Amazon's AWS S3 outage impacted Apple's services

mac app store
Roman Loyola

Yesterday afternoon, Amazon Web Services (AWS) experienced a significant and prolonged outage that brought a number of popular websites and services down. While Amazon is more readily known for its online retail business, the company's cloud services division has quickly become a huge money maker for the Jeff Bezos-led company. What's more, AWS provides the backbone for many well-known sites, including Netflix and Quora.

"We are investigating increased error rates for Amazon S3 requests in the US-EAST-1 Region,” Amazon said yesterday amidst a flurry of confusion and frustration.

The problem was eventually resolved, but not before a number of services from Apple were affected. For a brief while yesterday, iOS users experienced difficulties accessing the App Store, Apple Music, iCloud backups, iWork and other cloud-based services.

Interestingly enough, rumor has it that Apple inevitably wants to lessen its reliance on third-party providers like Amazon. Indeed, this is simply par for the course for Apple given its insistence on controlling—to the extent possible—all of the technology underlying its products and services.

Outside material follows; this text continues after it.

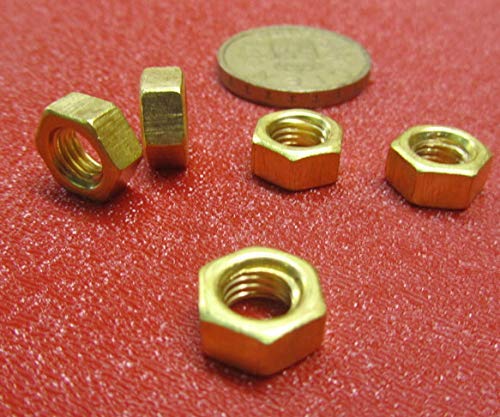 Brass Hex Nuts RH M7 x 1 Thread x 11mm W x 5.5mm H 20 Pcs
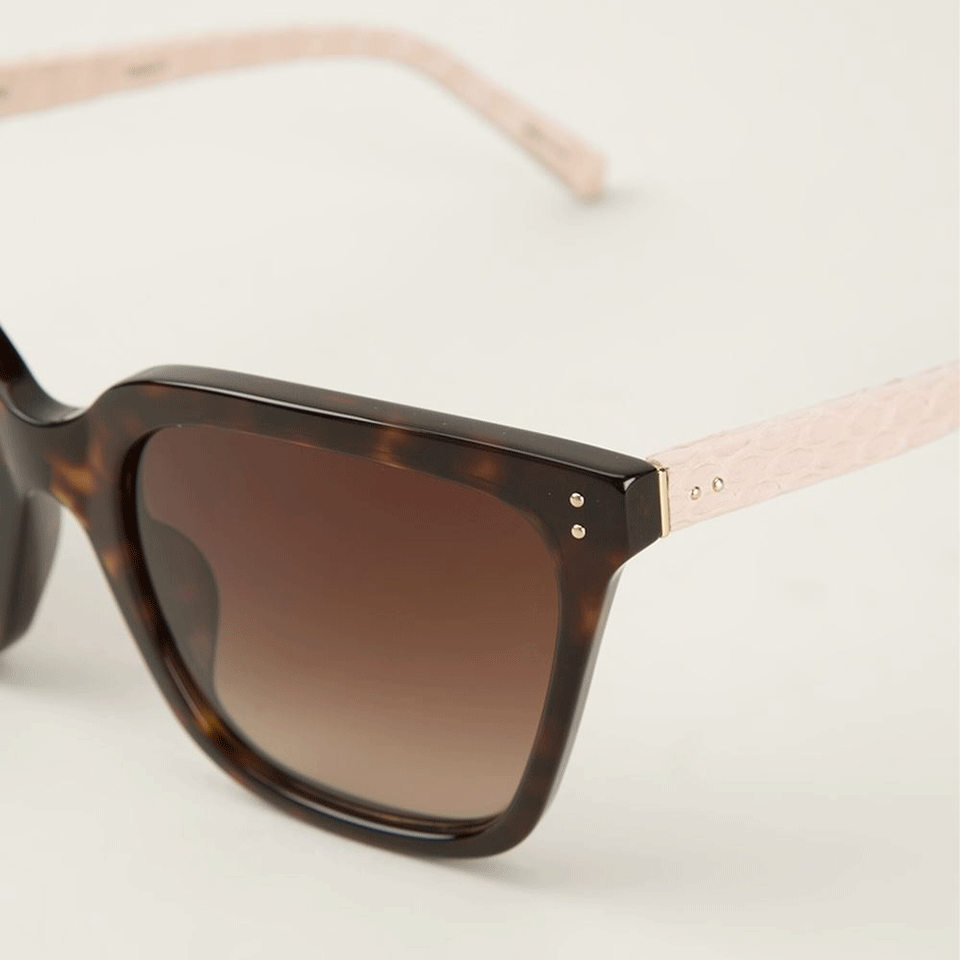 LINDA FARROW-Round Cat Eye Sunglasses-SHLL/ASH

As an additional aside, it's worth noting that Apple in late 2015 struck a deal with Google's cloud platform while lessening its reliance upon AWS in the process.

To this point, CRN reported the following this past March:

Since inking the Google deal late last year, Apple has also significantly reduced its reliance on Amazon Web Services, whose infrastructure it uses to run parts of iCloud and other services, said the sources, who all requested anonymity to protect their relationships with the vendors.

According to the sources, Google executives have told partners that Apple is spending between $400 million and $600 million on Google Cloud Platform, although this couldn’t be independently confirmed. Also unclear is whether this range refers to an annual spending rate or a set amount of capacity. AWS said Apple's move to work with Google does not signify "competitive defection."